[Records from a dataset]
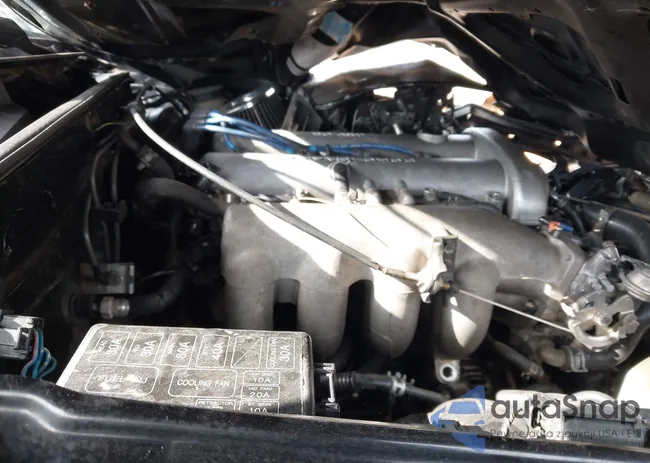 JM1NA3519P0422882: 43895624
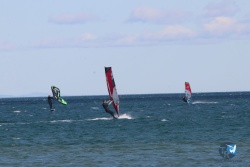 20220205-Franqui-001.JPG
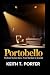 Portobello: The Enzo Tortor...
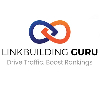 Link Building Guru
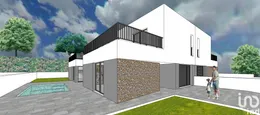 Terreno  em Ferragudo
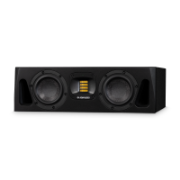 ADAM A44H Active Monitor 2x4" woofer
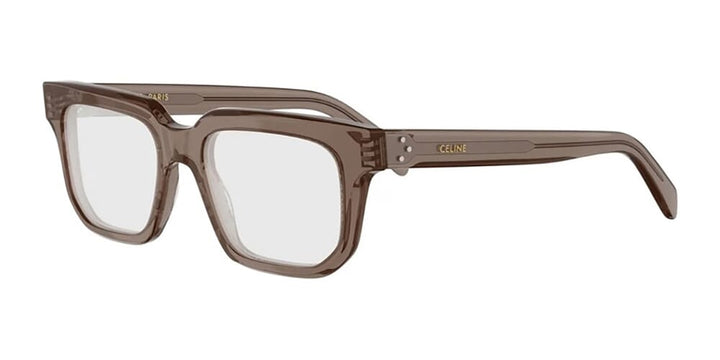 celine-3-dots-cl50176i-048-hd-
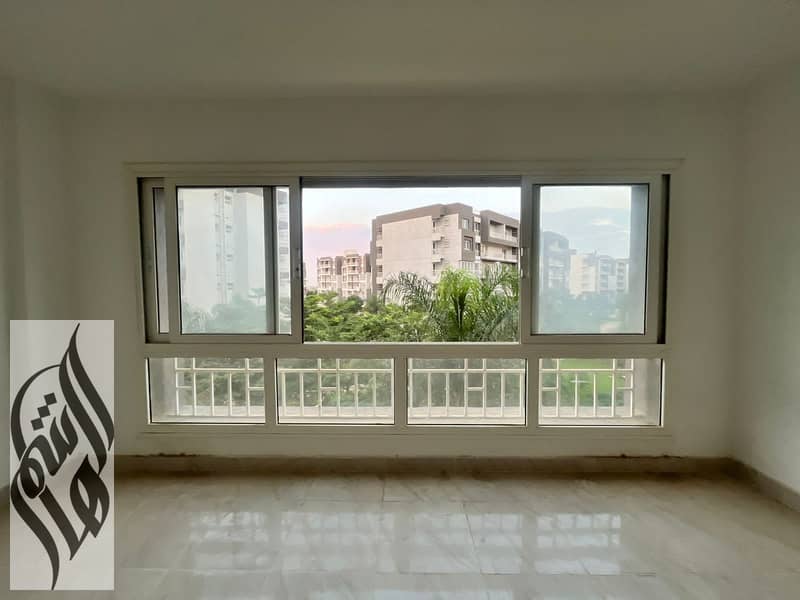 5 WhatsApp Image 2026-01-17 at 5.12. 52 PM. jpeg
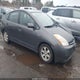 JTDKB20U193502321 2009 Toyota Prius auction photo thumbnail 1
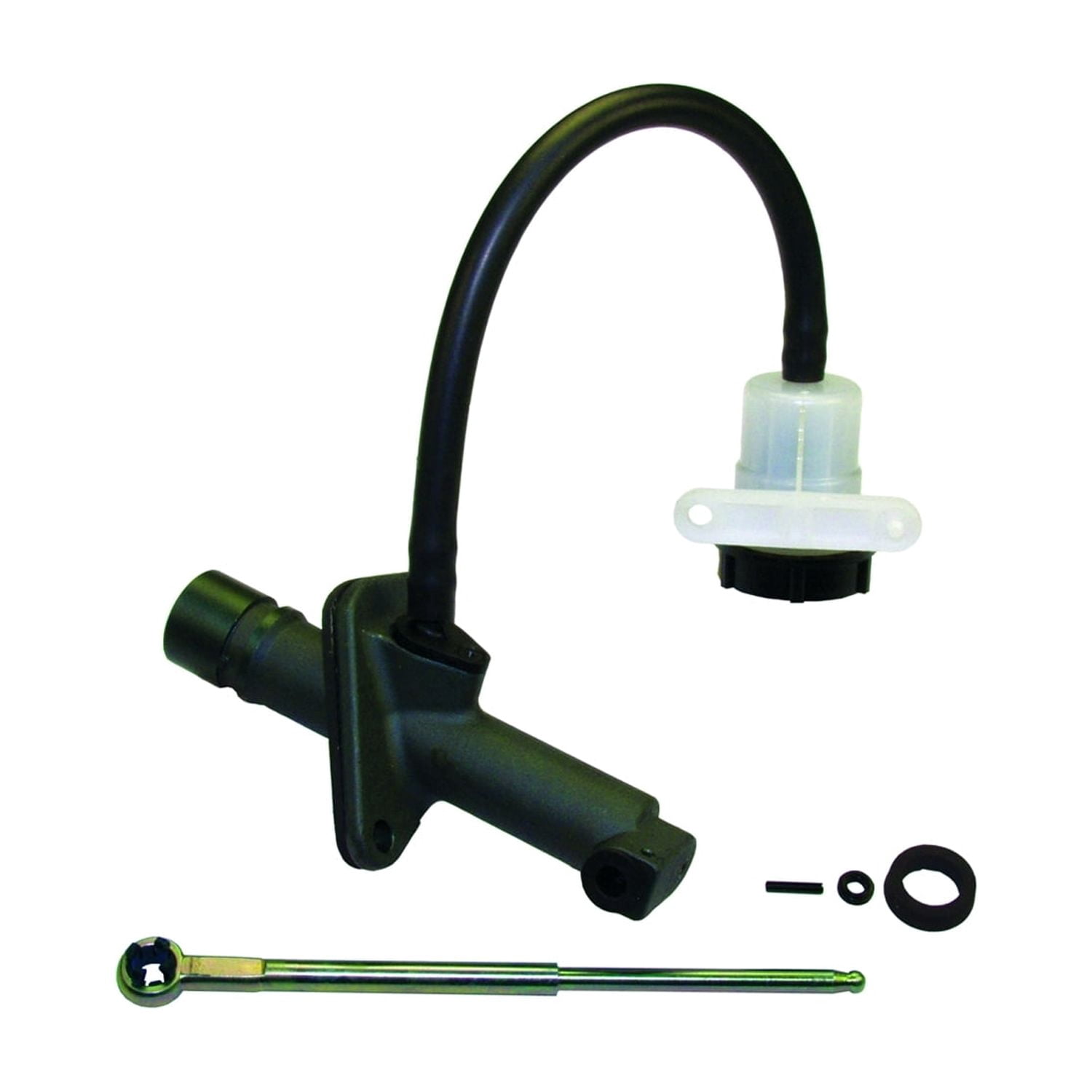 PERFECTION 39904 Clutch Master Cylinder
---
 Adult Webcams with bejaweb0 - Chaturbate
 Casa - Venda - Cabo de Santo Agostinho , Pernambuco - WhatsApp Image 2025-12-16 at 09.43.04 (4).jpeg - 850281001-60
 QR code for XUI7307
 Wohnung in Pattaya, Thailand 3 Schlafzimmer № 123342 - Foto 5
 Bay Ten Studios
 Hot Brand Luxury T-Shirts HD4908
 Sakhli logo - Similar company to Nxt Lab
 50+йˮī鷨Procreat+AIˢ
---
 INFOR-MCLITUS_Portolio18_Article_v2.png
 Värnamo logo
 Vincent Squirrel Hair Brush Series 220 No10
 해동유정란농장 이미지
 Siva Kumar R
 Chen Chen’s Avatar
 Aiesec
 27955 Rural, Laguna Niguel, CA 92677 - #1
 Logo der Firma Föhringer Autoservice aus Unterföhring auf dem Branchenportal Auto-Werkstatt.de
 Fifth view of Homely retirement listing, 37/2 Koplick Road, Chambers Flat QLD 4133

_The task_. Using the entries above, repeat only the lines from the one containing "Adult Webcams with bejaweb0 - Chaturbate" through the one containing "50+йˮī鷨Procreat+AIˢ", end lines included.

_Result_.
 Adult Webcams with bejaweb0 - Chaturbate
 Casa - Venda - Cabo de Santo Agostinho , Pernambuco - WhatsApp Image 2025-12-16 at 09.43.04 (4).jpeg - 850281001-60
 QR code for XUI7307
 Wohnung in Pattaya, Thailand 3 Schlafzimmer № 123342 - Foto 5
 Bay Ten Studios
 Hot Brand Luxury T-Shirts HD4908
 Sakhli logo - Similar company to Nxt Lab
 50+йˮī鷨Procreat+AIˢ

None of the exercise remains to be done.